Still without a contract, Thompson won't attend media day, according to Brian Windhorst of ESPN.
Thompson has until Thursday to sign the one-year, $6.9-million qualifying offer the Cavaliers have tendered. Qualifying offers expire Oct. 1 unless extended by the team, which is rare. Should Thompson decline the offer, he'll remain a restricted free agent but will no longer have the option of signing that offer - he and the Cavs would have to agree on a new framework.
The Cavaliers reportedly offered Thompson a five-year, $80-million contract, while Thompson's camp has been pushing for $94 million over the same time span. Thompson's primary leverage is believed to be signing the qualifying offer, which would make him an unrestricted free agent in 2016, and optimism was reported to be low on both sides as recently as last week.
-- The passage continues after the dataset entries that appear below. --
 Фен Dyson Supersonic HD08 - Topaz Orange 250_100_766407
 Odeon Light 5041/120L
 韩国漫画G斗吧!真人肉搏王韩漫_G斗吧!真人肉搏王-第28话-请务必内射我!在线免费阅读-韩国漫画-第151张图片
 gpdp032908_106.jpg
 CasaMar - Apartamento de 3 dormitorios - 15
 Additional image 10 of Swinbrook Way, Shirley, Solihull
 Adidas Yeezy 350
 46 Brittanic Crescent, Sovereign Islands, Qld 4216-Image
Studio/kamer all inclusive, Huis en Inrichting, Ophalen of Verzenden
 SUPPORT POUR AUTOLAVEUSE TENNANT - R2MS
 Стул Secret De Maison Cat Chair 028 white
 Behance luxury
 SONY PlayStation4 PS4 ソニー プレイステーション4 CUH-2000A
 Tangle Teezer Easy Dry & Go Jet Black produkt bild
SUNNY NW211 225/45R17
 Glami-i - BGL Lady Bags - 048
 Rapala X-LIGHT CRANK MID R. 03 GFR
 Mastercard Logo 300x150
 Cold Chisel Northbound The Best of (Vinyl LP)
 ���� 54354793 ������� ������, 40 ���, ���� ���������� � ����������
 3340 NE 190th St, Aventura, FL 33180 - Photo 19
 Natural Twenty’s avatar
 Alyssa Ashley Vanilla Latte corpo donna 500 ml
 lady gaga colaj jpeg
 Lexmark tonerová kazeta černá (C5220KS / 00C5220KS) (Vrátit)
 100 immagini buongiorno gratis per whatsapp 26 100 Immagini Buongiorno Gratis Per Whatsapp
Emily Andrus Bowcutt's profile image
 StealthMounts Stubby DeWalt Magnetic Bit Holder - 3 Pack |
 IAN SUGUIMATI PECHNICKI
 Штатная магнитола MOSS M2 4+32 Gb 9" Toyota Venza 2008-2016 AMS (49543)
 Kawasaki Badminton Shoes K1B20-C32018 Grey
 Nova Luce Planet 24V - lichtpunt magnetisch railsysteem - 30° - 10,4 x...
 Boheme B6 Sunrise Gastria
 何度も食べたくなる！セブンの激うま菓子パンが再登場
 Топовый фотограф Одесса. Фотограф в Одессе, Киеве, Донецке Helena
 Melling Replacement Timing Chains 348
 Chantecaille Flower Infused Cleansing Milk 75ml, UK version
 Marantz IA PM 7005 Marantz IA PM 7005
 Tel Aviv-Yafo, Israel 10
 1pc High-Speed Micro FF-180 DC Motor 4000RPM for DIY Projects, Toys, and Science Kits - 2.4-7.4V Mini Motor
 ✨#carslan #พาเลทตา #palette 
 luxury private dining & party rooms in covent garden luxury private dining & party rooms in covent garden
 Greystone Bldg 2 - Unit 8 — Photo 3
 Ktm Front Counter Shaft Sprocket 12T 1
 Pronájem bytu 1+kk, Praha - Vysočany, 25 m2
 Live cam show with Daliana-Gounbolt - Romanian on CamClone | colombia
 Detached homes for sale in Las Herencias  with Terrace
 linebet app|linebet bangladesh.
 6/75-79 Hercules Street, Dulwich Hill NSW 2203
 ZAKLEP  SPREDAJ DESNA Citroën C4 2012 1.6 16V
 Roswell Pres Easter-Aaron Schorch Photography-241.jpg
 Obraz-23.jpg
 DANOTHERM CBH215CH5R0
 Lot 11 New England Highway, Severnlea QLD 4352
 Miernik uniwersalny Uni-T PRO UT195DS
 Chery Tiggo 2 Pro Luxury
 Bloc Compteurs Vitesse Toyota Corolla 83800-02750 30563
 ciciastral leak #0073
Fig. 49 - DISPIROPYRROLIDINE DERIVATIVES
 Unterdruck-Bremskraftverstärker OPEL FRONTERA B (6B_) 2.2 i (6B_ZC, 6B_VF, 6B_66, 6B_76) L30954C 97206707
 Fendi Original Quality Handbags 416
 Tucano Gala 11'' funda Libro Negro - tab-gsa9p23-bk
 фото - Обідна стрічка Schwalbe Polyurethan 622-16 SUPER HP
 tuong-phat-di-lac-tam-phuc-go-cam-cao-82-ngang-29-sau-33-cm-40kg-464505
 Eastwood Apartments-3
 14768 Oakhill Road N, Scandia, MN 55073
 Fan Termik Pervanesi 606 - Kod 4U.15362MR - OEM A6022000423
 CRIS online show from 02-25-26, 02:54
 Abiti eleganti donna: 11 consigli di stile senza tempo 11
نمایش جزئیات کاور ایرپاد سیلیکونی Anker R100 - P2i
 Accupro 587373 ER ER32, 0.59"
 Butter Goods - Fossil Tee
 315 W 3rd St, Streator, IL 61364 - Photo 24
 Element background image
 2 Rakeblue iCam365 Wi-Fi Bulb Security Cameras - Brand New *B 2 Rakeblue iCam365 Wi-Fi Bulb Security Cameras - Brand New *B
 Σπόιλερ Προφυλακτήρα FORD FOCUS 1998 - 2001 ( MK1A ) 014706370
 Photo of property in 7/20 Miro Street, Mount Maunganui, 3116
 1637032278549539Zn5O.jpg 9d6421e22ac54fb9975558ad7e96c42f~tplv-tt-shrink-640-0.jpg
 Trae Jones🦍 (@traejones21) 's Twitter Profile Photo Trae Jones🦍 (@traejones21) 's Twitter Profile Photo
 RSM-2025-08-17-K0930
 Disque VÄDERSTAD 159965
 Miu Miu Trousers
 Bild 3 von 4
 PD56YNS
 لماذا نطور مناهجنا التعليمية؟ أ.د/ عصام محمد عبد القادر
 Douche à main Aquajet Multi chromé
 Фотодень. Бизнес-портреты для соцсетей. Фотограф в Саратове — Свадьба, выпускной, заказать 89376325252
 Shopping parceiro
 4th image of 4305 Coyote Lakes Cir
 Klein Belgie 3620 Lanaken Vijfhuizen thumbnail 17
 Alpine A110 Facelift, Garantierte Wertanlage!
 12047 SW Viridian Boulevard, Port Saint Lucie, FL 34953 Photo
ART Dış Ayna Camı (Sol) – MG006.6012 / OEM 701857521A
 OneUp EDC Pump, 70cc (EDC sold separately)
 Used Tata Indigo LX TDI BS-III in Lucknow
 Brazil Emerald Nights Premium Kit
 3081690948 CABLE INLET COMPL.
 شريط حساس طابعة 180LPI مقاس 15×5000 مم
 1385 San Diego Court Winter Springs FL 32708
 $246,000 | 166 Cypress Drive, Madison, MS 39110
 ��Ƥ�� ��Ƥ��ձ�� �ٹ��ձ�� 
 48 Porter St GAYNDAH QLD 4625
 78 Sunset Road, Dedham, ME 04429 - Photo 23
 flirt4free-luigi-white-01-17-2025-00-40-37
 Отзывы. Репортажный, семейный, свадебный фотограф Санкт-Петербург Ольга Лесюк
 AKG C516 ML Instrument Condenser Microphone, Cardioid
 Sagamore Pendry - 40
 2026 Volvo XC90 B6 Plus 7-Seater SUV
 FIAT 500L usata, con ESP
It was presumed that LeBron James, who shares an agent with Thompson and has expressed fondness for the power forward, would push for a Thompson deal to get done, but more recent reports peg the issue as a "non-discussion" on James' end. Their agent, Rich Paul, played this game last year, waiting until the last minute to get Eric Bledsoe a lucrative payday, dangling the qualifying offer as leverage the entire time.
Neither side considers Thompson's absence from media day a holdout, according to Windhorst. Whether the discourse around the contract stalemate will change once camp opens and Thursday's deadline passes is unclear, as is whether or not the Cavs will bend on salary demands while already facing a potentially historic luxury tax bill.
While the Cavs have some leverage with frontcourt depth, Kevin Love, Timofey Mozgov, and Anderson Varejao are all coming off surgeries. Thompson's camp knows the franchise is going all-in to bring the city its first sports championship in over 50 years, and the team has repeatedly floated that it believes a maximum offer will be made for Thompson if he enters next summer's market as an unrestricted free agent.
The 24-year-old Thompson averaged 8.5 points and eight rebounds last season, shooting 54.7 percent from the floor and taking on a larger role in the playoffs as necessitated by injuries.